# INFORMATION PROVIDED
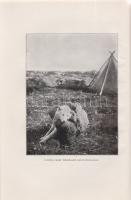 Leden, K (Christian):
Kjuvatin jégmezői. Fordította Mihalik László. 50 képpel, 16 táblán.
Budapest...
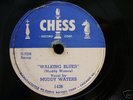 Muddy Waters 78  Rollin' Stone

# DIRECTIONS FOR THIS TASK
Omit the pictures. Repeat the rest of the data exactly.

# RESPONSE TO THE EXERCISE
 Leden, K (Christian):
Kjuvatin jégmezői. Fordította Mihalik László. 50 képpel, 16 táblán.
Budapest...
 Muddy Waters 78  Rollin' Stone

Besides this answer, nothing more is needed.